Output all of the data below without changing a word, and exclude the pictures.

START DATA SHOWN

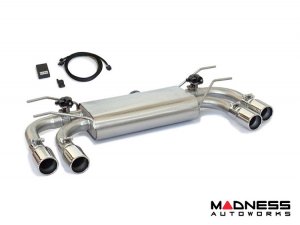 FIAT 124 Performance Exhaust - ABARTH - Axle-Back - Valved - Quad Tips - Round - Ragazzon - 80mm
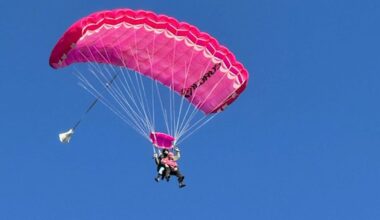 New Jersey teacher skydives to gain votes for Sussex Tech’s field renovation bid – NBC New York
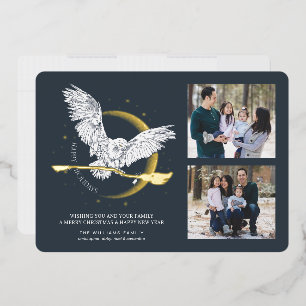 Frohe Feiertage Hedwig-Lieferung   Familienfoto-Ka
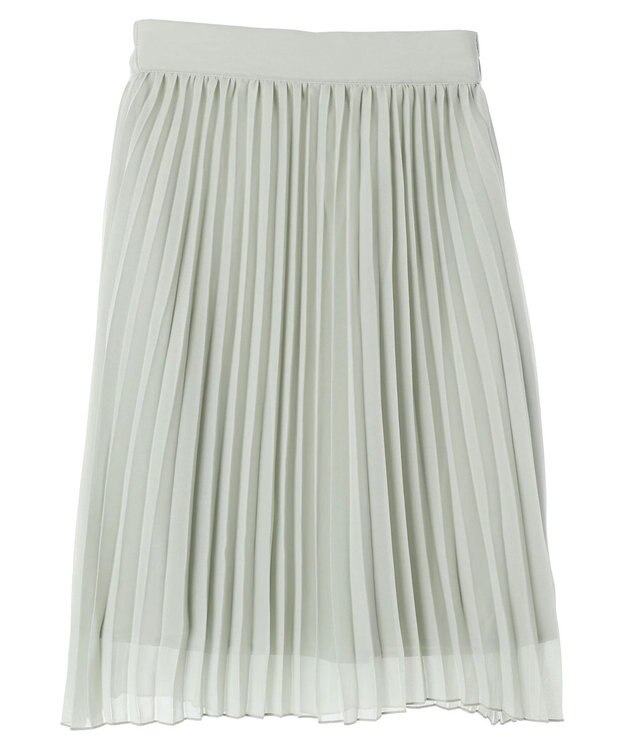 earth music&ecology すきな丈シフォンプリーツスカート Mint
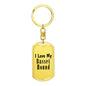 Love My Basset Hound - Luxury Dog Tag Keychain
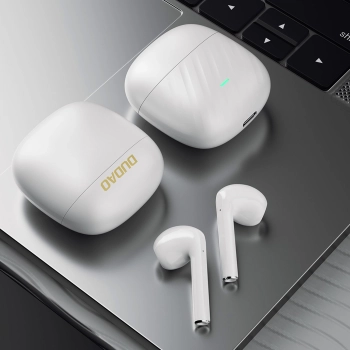 Słuchawki bezprzewodowe douszne TWS Bluetooth 5.3 - białe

END DATA SHOWN

■ SOLUTION:
 FIAT 124 Performance Exhaust - ABARTH - Axle-Back - Valved - Quad Tips - Round - Ragazzon - 80mm
 New Jersey teacher skydives to gain votes for Sussex Tech’s field renovation bid – NBC New York
 Frohe Feiertage Hedwig-Lieferung   Familienfoto-Ka
 earth music&ecology すきな丈シフォンプリーツスカート Mint
 Love My Basset Hound - Luxury Dog Tag Keychain
 Słuchawki bezprzewodowe douszne TWS Bluetooth 5.3 - białe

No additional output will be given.